I wish you the best of luck if you do decide to go ahead with surgery.
Type of breast lift needed
Based on your pictures, your nipple requires a significant amount of upward repositioning. I would recommend either a vertical “lollipop scar” breast lift or a full “anchor scar” breast lift. It is hard to tell which you need due to the black boxes. With a vertical breast lift, a semicircle is created by removing skin at the correct nipple position.Then a v-shaped section of skin is removed below this, sparing the nipple.The nipple is moved into the new position and the skin is closed. The resultant scar is in the shape of a lollipop. This approach works well for patients with moderate breast sagging. This is because the distance from the nipple to the inframammary fold is short. This approach does not work well for patients with a large amount of sagging because the distance from the desired nipple position to the inframammary fold is too long, so if the vertical breast was performed, your breast would look misshapen.
For these patients, a full “Anchor type” breast lift is needed. To do this, triangular incisions are added to the vertical limbs. This allows me to remove skin beneath the breast in the vertical direction. This shortens the distance from the nipple areolar complex to the inframammary fold to an appropriate length. The result is an “Anchor type” scar.

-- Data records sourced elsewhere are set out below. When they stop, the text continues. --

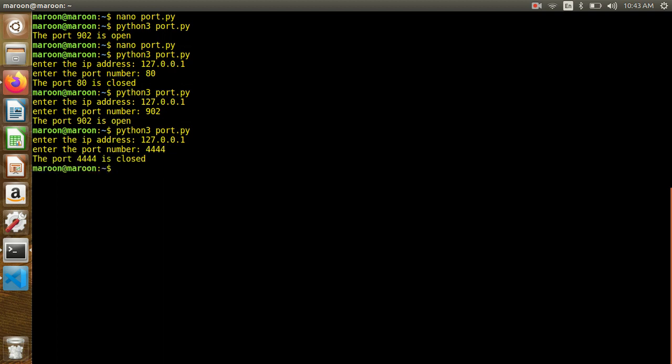Now we have a few programs. We will have a range of ports and a single port scanner. We will have a new program in the next video. So guys, see you next time.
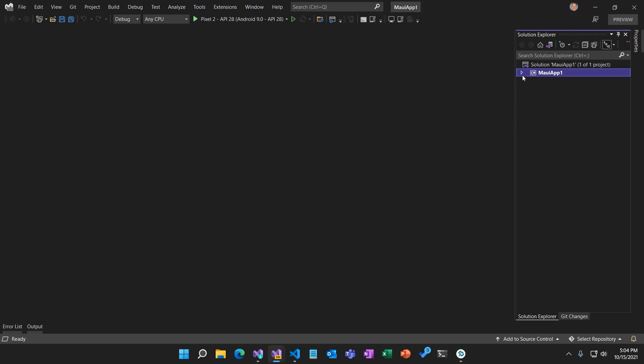With this single project, we have an app that can run on desktop and mobile, Windows, Mac Catalyst, iOS, and Android. Let's go ahead and run it for Android first. It takes just a minute to deploy.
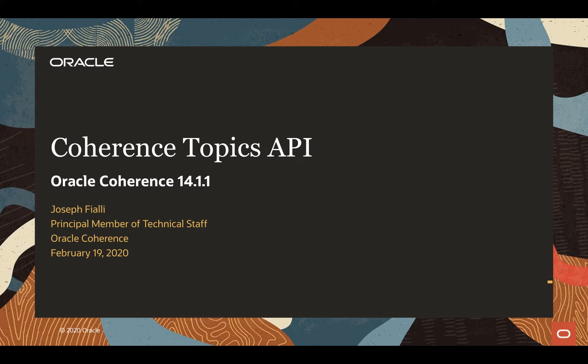Hello. My name is Joseph A. Alley. I'm a member of the Coherence Development Team. I'm here to talk today about a new functionality added to Coherence, a Topics API added in 14.1.1.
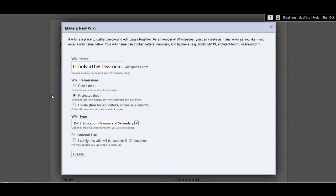Choose the privacy level of your wiki. You probably don't want to leave it public, but you can decide whether you want anyone to be able to read your content, for example, parents or other teachers, and they don't even have to have a Wikispaces account if you choose protected. Or you can keep the wiki private, which means that only people who have an account and have been added to your wiki will be able to read it.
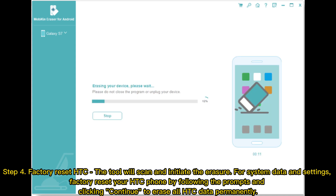Step 4: Factory Reset HTC. The tool will scan and initiate the erasure for system data and settings. Factory reset your HTC phone by following the prompts and clicking Continue to erase all HTC data permanently.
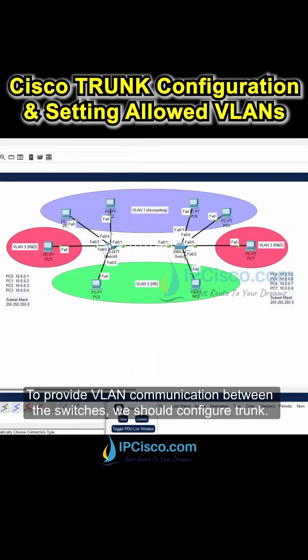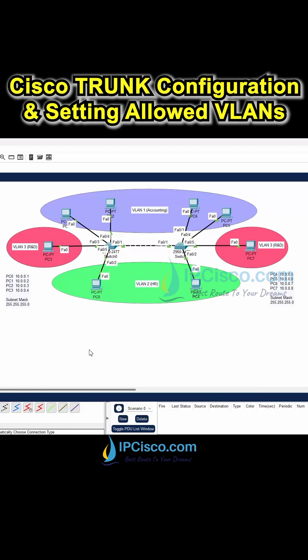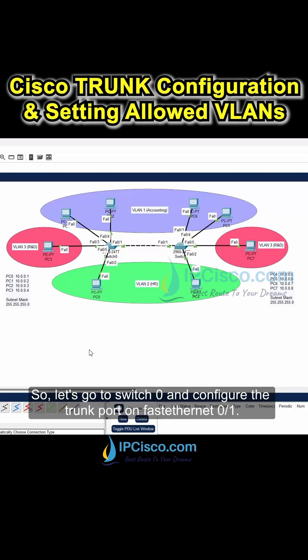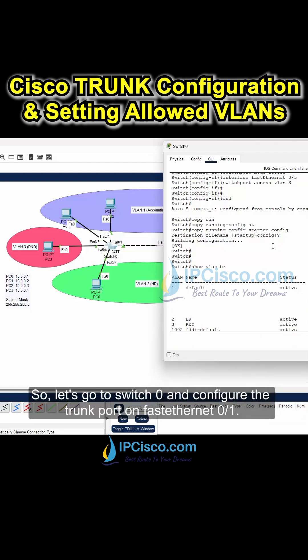To provide VLAN communication between the switches, we should configure a trunk. We will do this on FastEthernet0/1 interfaces between the switches. Let's go to Switch 0 and configure the trunk port on FastEthernet0/1.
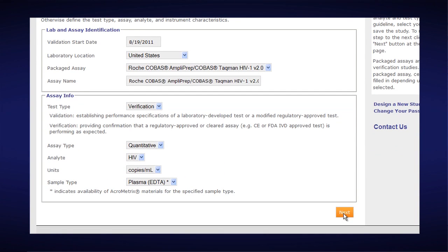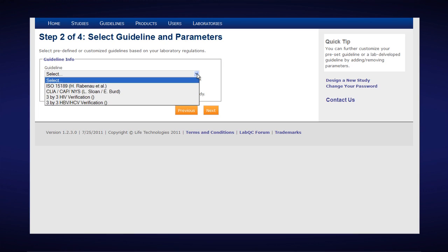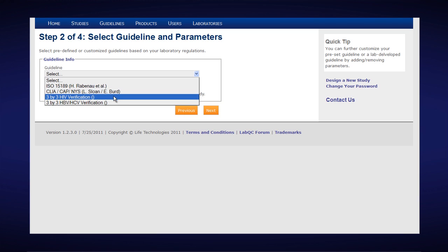Now we'll click on the orange Next button and choose the guidelines to apply. In this case we'll choose the CLIR CAP New York State guidelines because we're in the United States. But you could also choose in this case the 3x3 HIV verification. ISO 15189 guideline is also available.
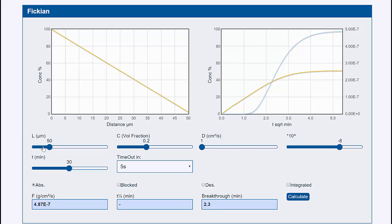So what do we have? We have a thickness of the barrier of L, we have a concentration — volume fraction — at one side, and although this is 0.2, we always show it as 100% of the original concentration. We have a diffusion coefficient of 1×10⁻⁸, and we're interested in a time of 30 minutes.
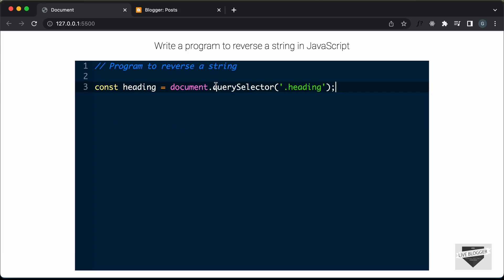You can set the language to anything you want and you can also change the theme of this code editor. Now if you want to learn how we designed this, you can watch my previous video where I showed how to design this using the ACE.js library. In this video, we're going to add this code editor to our blogger website.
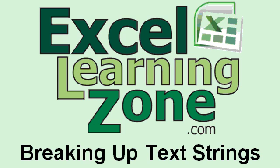Welcome to another Excel tutorial brought to you by ExcelLearningZone.com. In this lesson, I'm going to show you how to break up text strings.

I, and my fellow plastic surgeons, are very sensitive to the issue of scarring. I have yet to meet a patient who did not want to minimize the amount and size of scars after surgery! Remember that you are trading the scars for the shape that you want. We have lots of techniques to help with healing and minimize scarring.
Breast Lift Incision for Sagging After Weight Loss
Breast lift after weight loss
Based solely on the limited photos you provide, I would suspect that you would need at least a lollipop (vertical) scar lift and that a periareolar lift would distort the shape of the breast and increase the diameter of the areola. Changes in nipple sensitivity are variable and unpredictable but usually do not occur with simple lifting but may change significantly with augmentation or reduction surgery. In the end, most patients will end up with sensitivity that is near normal as pre-op after completely healing has occurred (i.e. 6 months).
Robin T.W. Yuan, M.D.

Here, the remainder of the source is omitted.